2002.8.25
コメ不足と環境問題
(1993.12) コメ不作の話。
今年の冷夏で、東北を中心に稲作は全滅。平成飢饉と言う人もいる。農業団体や革新系団体が「これは人災だ、政府の無農政の結果だ」と批判。しかし、人災だ!と叫ぶ言葉の激しさにくらべ、その人災の根拠を示したものはあまりにも少なかったのが気になっていた。
十月のニュースステーションの特集で、これを検証していた。昔から冷夏はあった。低温より日照時間の方が稲作に影響を与えること、日照時間が今年より少ない年があったが、作は平年並みであったこと…等々。なぜ今年の収穫が異常なのか。
その結論は、単一種類の米を作ることにあった。江戸時代の青木昆陽の農業指導書などにも、気候変動を前提にして、米作りは多種を植えるべしとの教えがあったという。事実、多品種の稲を植えている農家は平年をわずかに下回るだけであったと報告していた。ここに人災の根拠があったのだ。確かにノー政の結果、高く売れる「コシヒカリ」などに農家の作付けが集中したのだ。先人の教えを無視した結果である。

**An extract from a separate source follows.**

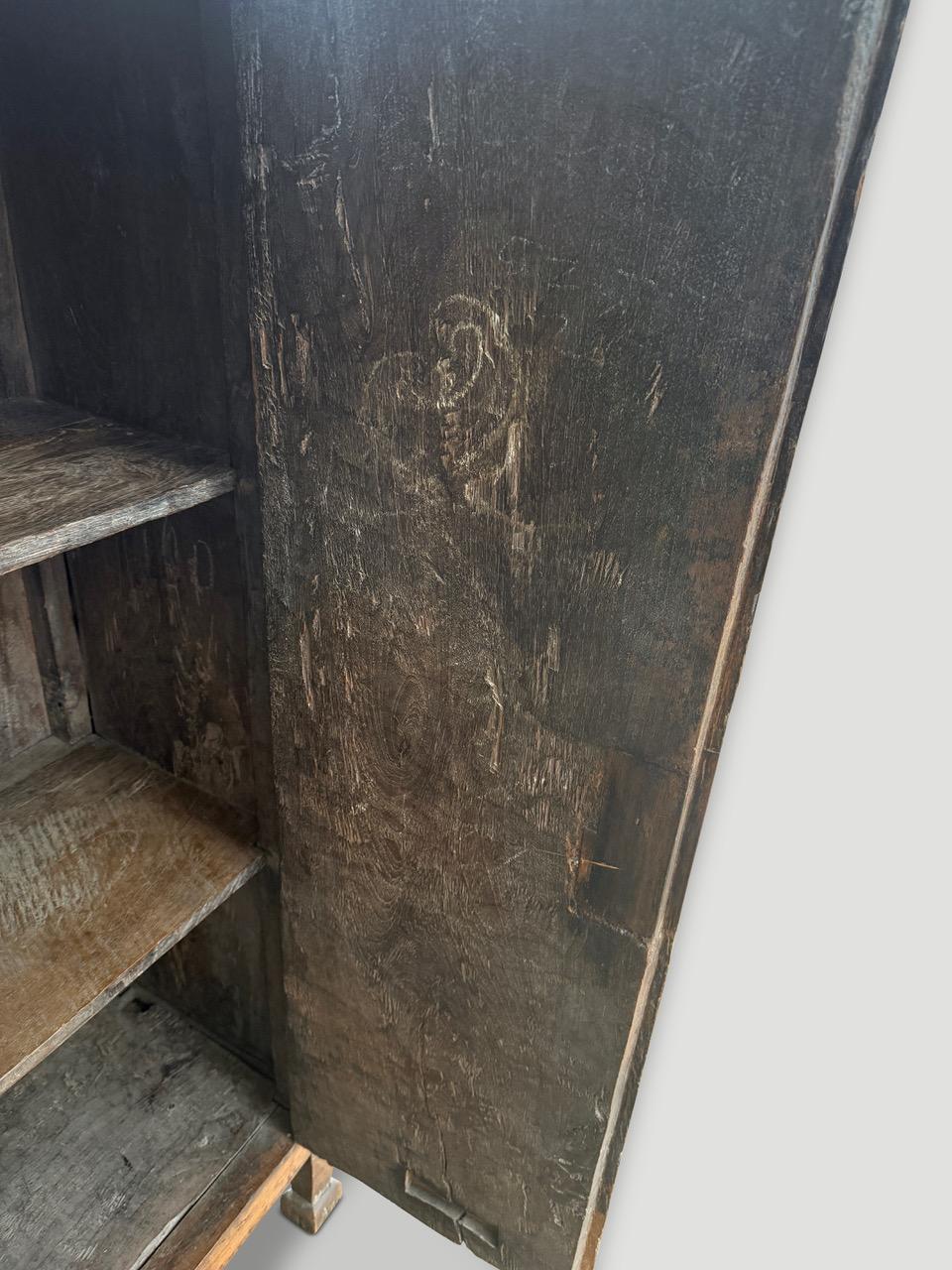 Early 20th Century Museum Quality Hand Carved Cabinet For Sale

同時に、稲が本来もっている野生を引き出す自然農法を実践している農家の収穫は平年並みだったことも今後の農業に示唆を与える。
「人災だ!」と叫ぶだけのアジテーションより、このような地道な調査と実践が百倍も意義がある。
ノー政と言うが、補償金や補助金をばらまき、自民党と一緒に農業つぶしをしてきた農協ボスがいる(この構図は原発推進と同じだ)。今になって農協が「米輸入反対署名」を回しても白々しい限り。ボス連中を野放しにしてきた自身の責任を自覚しなければならない。教育もあり、普通選挙も保障されている日本であるにもかかわらずにだ。
イ農協の天に唾した米不作
話を変える。
昨年から今年にかけて環境問題について大きな動きがあった。昨年六月、ブラジルで国連環境開発会議が開かれ、各国間の利害の対立から、不可能視されていたが、「持続可能な社会」を前提にした地球環境を守る行動計画=アジェンダ21を取り決めた。内容は、アメリカや日本の消極的態度から大きく後退したが、新しい息吹を生んだ。

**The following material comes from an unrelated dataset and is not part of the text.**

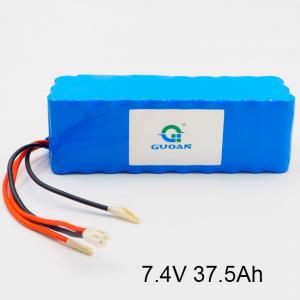 China Rectangular 7.4V Lithium Ion Battery , 37.5Ah 18650 Lithium Battery Pack Rechargeable on sale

特筆されることは、この会議に向けて各国の草の根運動体が環境問題の表舞台におどりでたことだろう(NGOと言う言葉も市民権を得た)。国際的な市民団体のフォーラムは、画期的な「地球憲章」を採択。過去のどの会議以上の成果をもたらした。日本でも様々な団体が連絡会を組織した。今年に入り、日本のグループは「市民フォーラム2001」として再結集している。
アジェンダ21は国別行動計画策定を求めているが、去る十一月政府は素案を発表、国民から意見を求めた。その期間はたったの三週間。当然大きな批判が起きた。事実、私がこの事を知って環境庁にFAXを入れ、素案の送付を求めたが、期限を経た現在、未だに届いていない始末なのだ。
が、全国から細部にわたって百通以上の意見が寄せられた。政府は百カ所以上を修正の上原案を決定した。こうした修正は前例がないという。
批判が集中したのは原発問題。政府案は「低環境負荷エネルギー」として原発推進をうたっているが、それに対し、市民団体からは、原子力は地球温暖化対策にはならない、放出される放射能は環境負荷要因となること。原子力に依存しない再生産可能エネルギー体系への転換を求めた。
そもそも、原発は石油エネルギーを集約したものである。建設と維持に石油を消費し、石油の枯渇と同時に終焉する性格のものである。また熱交換効率が火力より悪いため、地球温暖化へプラスに働く。この、歴史的には海水の一滴にも満たない原発により膨大な放射能が地上に蓄積される。地上の生態系から一人外れた鬼っ子である。プルトニウムを使えば、百万年単位でその管理を強制される。人類の百万年先など想像できないし「持続可能な社会」とはとても言えない。原子力の平和利用という言葉が死語となる日を願っている。